The creator highlights two foundational skills that reimagine the development workflow for AI constraints:

1. Superhuman
This skill rearchitects the entire development lifecycle into a dependency-aware, parallelized process. It doesn't just write code; it manages complex tasks like a project manager. Its 7-phase workflow is:

  1. INTAKE: Understand the task.
  2. DECOMPOSE: Break it into a dependency graph (DAG) of sub-tasks.
  3. DISCOVER: Gather necessary context and files.
  4. PLAN: Create an execution strategy.
  5. EXECUTE: Run independent tasks in parallel using sub-agents.
  6. VERIFY: Enforce Test-Driven Development (TDD) at every step with verification loops.
  7. CONVERGE: Integrate results.

It maintains a persistent board.md file that survives across sessions and context resets, acting as a project dashboard.

2. Second Brain
This skill creates a persistent, tag-indexed memory system for your agent. It writes learnings to a ~/.memory/ directory that survives across all projects and sessions. To maintain context efficiency, it enforces a 100-line ceiling per memory file and uses wiki-style links for graph navigation. After complex tasks, it auto-proposes new entries for this memory.
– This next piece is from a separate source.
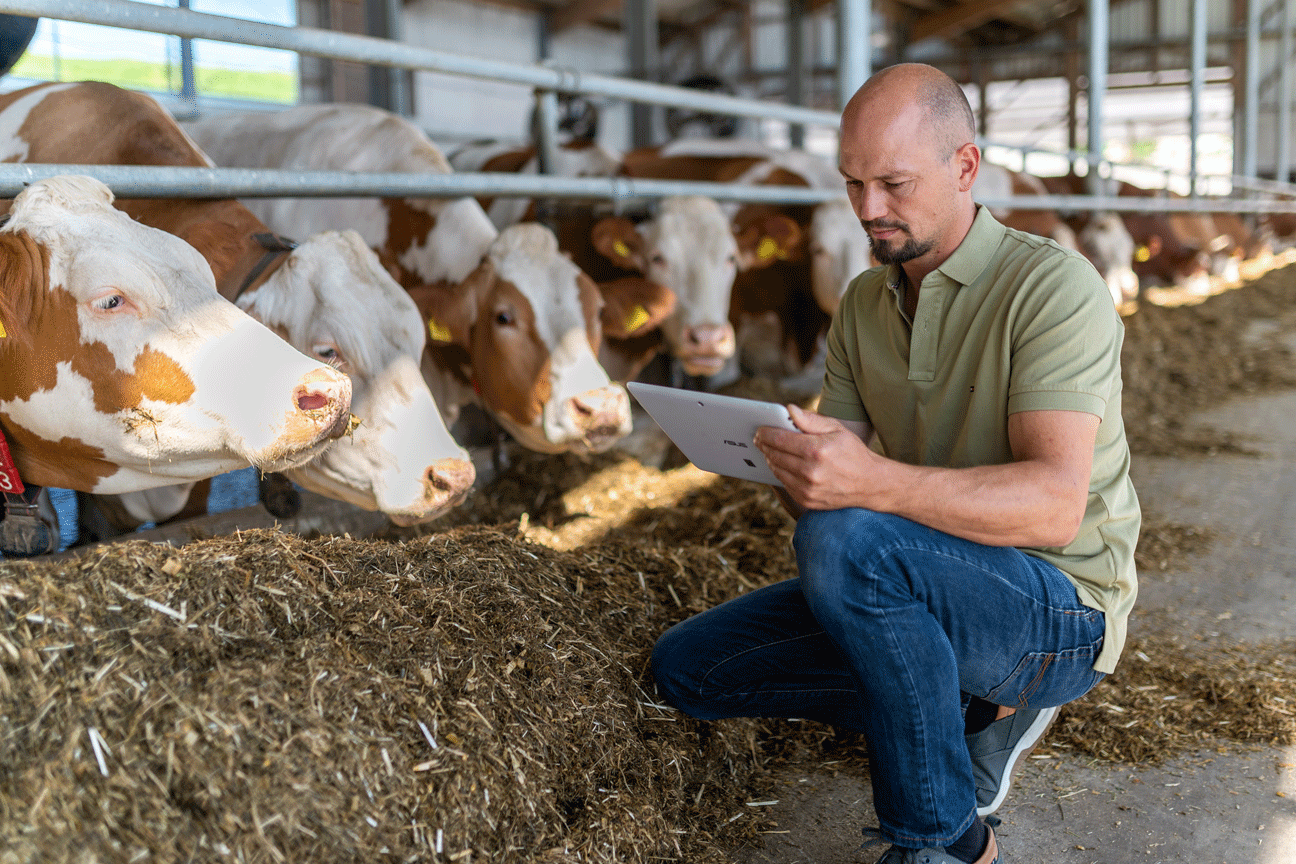 Ein Landwirt hockt am Futtertisch seiner Kühe und blickt auf ein Tablet. Klick führt zu Großansicht im neuen Fenster.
Try It Now — Installation and First Steps

Getting started is straightforward using npm/npx:

  1. Install a single skill (e.g., the superhuman workflow):
    npx skills add AbsolutelySkilled/AbsolutelySkilled --skill superhuman
    
  2. Install all 156 skills at once:
    npx skills add AbsolutelySkilled/AbsolutelySkilled -g
    

After installation, the skills will be available in your configured skills directory. When you start Claude Code in a project, it will begin to recognize and utilize the installed skills based on their triggers. Start with a focused skill like react-best-practices or docker-compose for your current work, then explore the superhuman skill for larger, multi-file refactors or feature builds.
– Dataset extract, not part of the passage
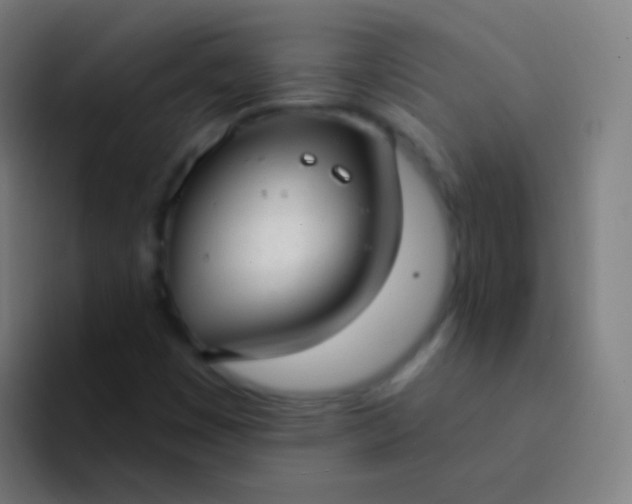 X0000094331449200711161940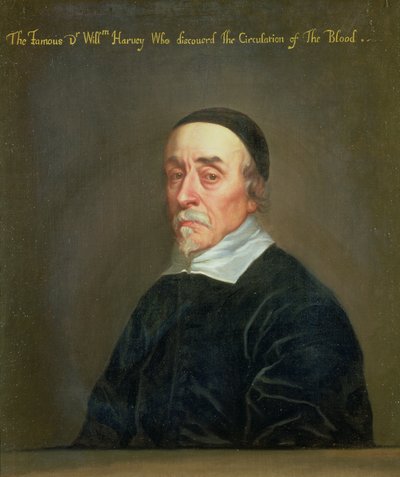 Porträt von William Harvey (1578-1657) von John Riley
Why This Changes Your Workflow

This registry directly tackles the "amnesiac agent" problem. By externalizing expertise into installable, version-controlled skill files, you stop losing time on repetitive explanations. Your team can share a core set of skills, ensuring consistency. The superhuman skill, in particular, introduces a structured, parallelized approach to development that leverages Claude Code's ability to manage multiple threads of thought, potentially cutting down the time for large tasks significantly.

AI Analysis

Claude Code users should immediately view this as a system for creating and sharing persistent team knowledge. Instead of pasting the same architecture notes into every new chat, package them as a skill. Start by installing the `superhuman` skill for your next medium-complexity task (like adding a new API endpoint). Observe how it decomposes the work and manages the `board.md`. This forces a more systematic approach. Next, audit your last week of Claude Code sessions. What conventions did you explain more than once? Package those as your own local `SKILL.md` file using the registry's format as a template. This could be your team's ESLint rules, API response format, or error handling pattern. The goal is to shift from ad-hoc prompting to a library of reusable expertise. Finally, integrate the `second-brain` skill. Let it run for a few days as you work. Periodically review the `~/.memory/` directory it creates. This becomes a searchable knowledge base of lessons learned, which you can then refine into new, more precise skills. This turns Claude Code from a tool that forgets into one that accumulates wisdom.